I hadn’t made a copy of the memory clip, but I still had all that data I had recorded on the trip to Milu, all those cycles of Wilken and Gerth talking about not much of anything. It had been analyzed and compressed, but it might resemble the parameters of what Attacker was searching for long enough to make this work.

I couldn’t risk cameras or feed, so I walked my body out of the passenger area and into the shuttle access corridor. I’d fused that hatch, too, but Mensah and Pin-Lee had the panel open for the emergency disengage. “Wait for my signal,” I said.

I told bot pilot we were going to have to make this good. It agreed, and we worked out what we were going to do.

Then bot pilot disengaged SecSystem.

I knew we had to do it but it was terrifying to be so vulnerable. I could feel Attacker bearing down on bot pilot, on me. I told bot pilot we needed to protect this important information so the company could retrieve it later and that I would hide it in the shuttle. Bot pilot ripped the confused ShuttleBotPilot out of its memory core and I dumped the data bundle into its place.

And Attacker transferred itself into the shuttle’s system.

Three things happened at once: (1) ShuttleSecSystem walled the shuttle’s comm system. (2) Bot pilot deleted its own comm system codes and I overloaded and fused its hardware. (3) My body told Dr. Mensah and Pin-Lee, “Now.”

Pin-Lee’s hands moved in the panel and Dr. Mensah worked the controls. The shuttle disengaged.

The gunship was moving slowly at that point, so the shuttle didn’t drop very far away, but with our comms fried it might as well have been on the other side of the wormhole. Attacker was gone, trapped in the shuttle.

Hah, I thought. Take that, you fucker.

Ship’s feed and system codes were trashed, but bot pilot was already reasserting control. SecSystem did the system equivalent of staggering drunkenly to its feet. Someone on the flight deck said, “Oh, mothergods, we’re clear!”
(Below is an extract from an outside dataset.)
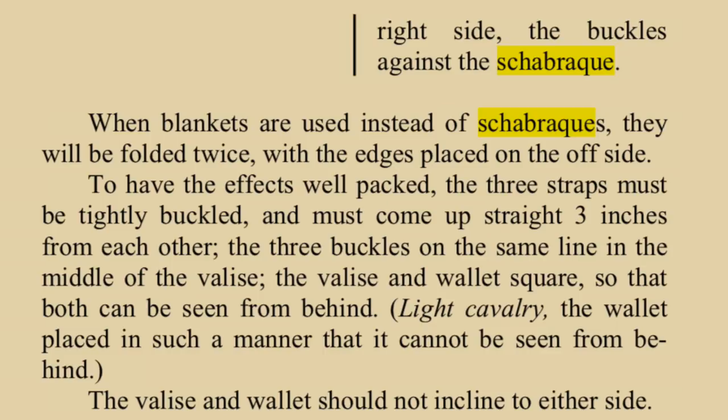the edges placed on the off side to have the effects well packed, and three straps must be tightly buckled and must come up straight three inches from each other. The three buckles on the same line in the middle of the valise. The valise and wallet square so that both can be seen from behind. The valise should not incline to either side.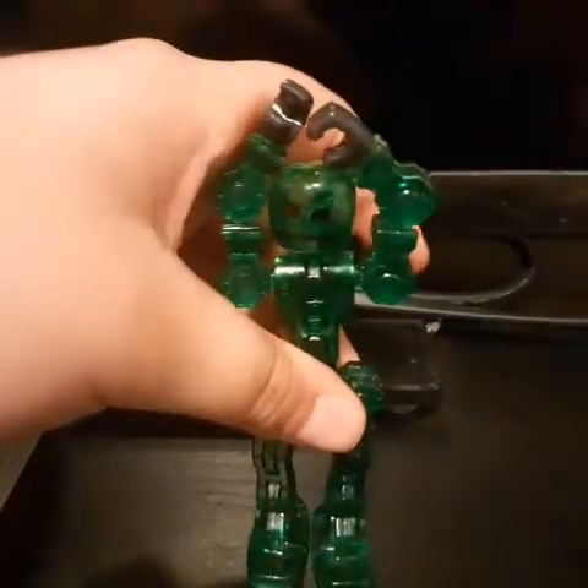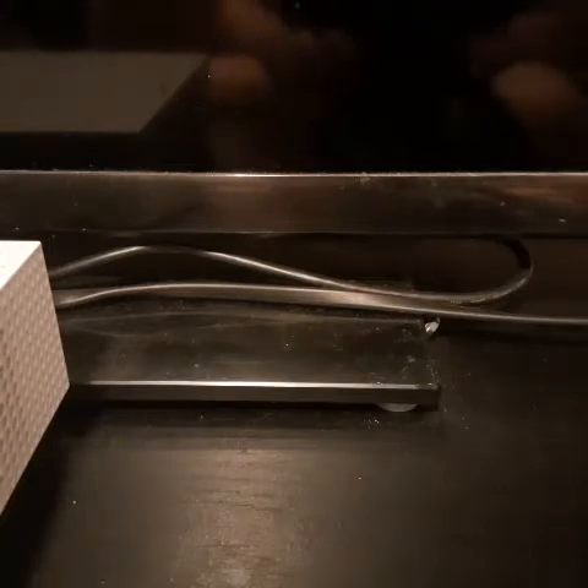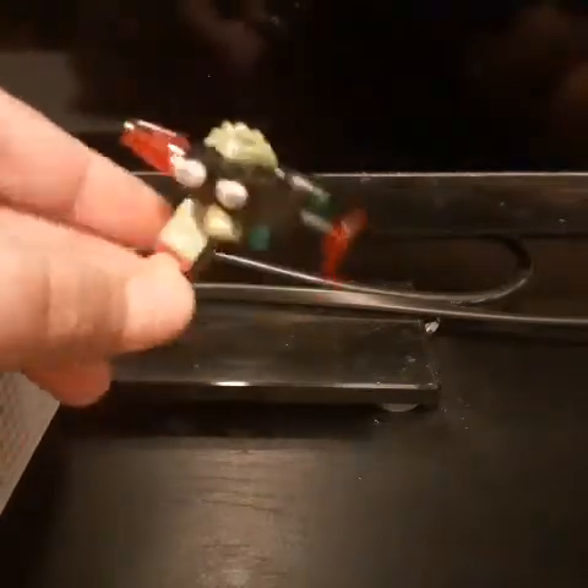Then we have a little guy right here. This little guy is from Chima. If you guys ever got a 3DS, there was a game on 3DS for Lego Chima, and this is one of the guys — this is the pack that came with that little Lego set. He has a bazooka here.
Bot pilot regained control of its weapon system and queried the captain. The captain said, “Confirm, fire.”

I stayed long enough to enjoy the boarding shuttle disappearing in one explosive burst, and the multiple impacts breaching the Palisade ship’s hull, then pulled my scattered code together and dropped back into my body. It felt weird.

Mensah and Pin-Lee still stood in the corridor, watching me worriedly. “We’re clear,” I told them.

Pin-Lee made an excited whooping noise and Mensah grabbed her and swung her around.

I felt weird. Very weird. Very bad.

Performance reliability at 45 percent and dropping. Catastrophic failure—

I felt my body crumple, but I didn’t feel myself hit the deck.